O juiz ressalta que a acusada não é mais titular do 2º Cartório de Registros de Imóveis da Capital, e atualmente trabalha como assessora de um magistrado. Reis acrescenta que o prosseguimento do procedimento administrativo depende do julgador do feito atestar a legitimidade ou não do documento que a defesa de Manuel Regis aponta como falso . 

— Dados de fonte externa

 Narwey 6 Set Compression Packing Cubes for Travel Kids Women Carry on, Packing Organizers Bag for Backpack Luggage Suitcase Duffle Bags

"Se os títulos são ou não inválidos, isso é o processo judicial que irá declarar, não o âmbito do processo administrativo. Se ela incorreu em imprudência ou negligência quando do ato registral, nós verificaremos", afirmou. Ele salienta que é fundamental que o poder judiciário, através de sua parte judicante, diga se os títulos eram ou não válidos. Só a partir daí que poderá ser analisado se a ex-delegatária atuou ou não nos termos da lei 6015, de 1973, quando realizou o registro. A norma dispõe a respeito a respeito de registros públicos.   

Leia a íntegra da nota encaminhada pela 3ª Vara Cível:

"Quanto à denúncia, objeto da informada apuração, cumpre esclarecer que tramita nesta 3ª Vara Cível a ação de reintegração de posse n.º 0571783-84.2017.8.05.0001, a qual fora inicialmente distribuída para a 5ª Vara Cível, cujo juiz titular deferiu a reintegração de posse liminar, o que, inclusive foi ratificado por decisão em sede de agravo de instrumento, vindo o feito, posteriormente, declinado para esta 3ª vara Cível em razão de conexão com outra ação possessória em trâmite nesta vara, envolvendo os mesmos supostos invasores, de forma que nesta 3ª vara deu-se efetivo cumprimento à reintegração que já havia sido validamente determinada. Cumpre informar que os advogados "denunciantes" foram recebidos por duas vezes por este juiz subscritor, ouvindo-se a versão dos mesmos, sendo que as imputações de "falso" serão objeto de apuração em momento próprio no processo, não se vislumbrando, todavia, elementos hábeis à desconstituição da ordem de reintegração de posse liminar que havia sido deferida, a qual, assim, teve seu cumprimento mantido. Ademais, conforme consignado pelo programa que busca a apuração, a questão deve ser enfrentada, debatida e "rebatida" no âmbito do processo."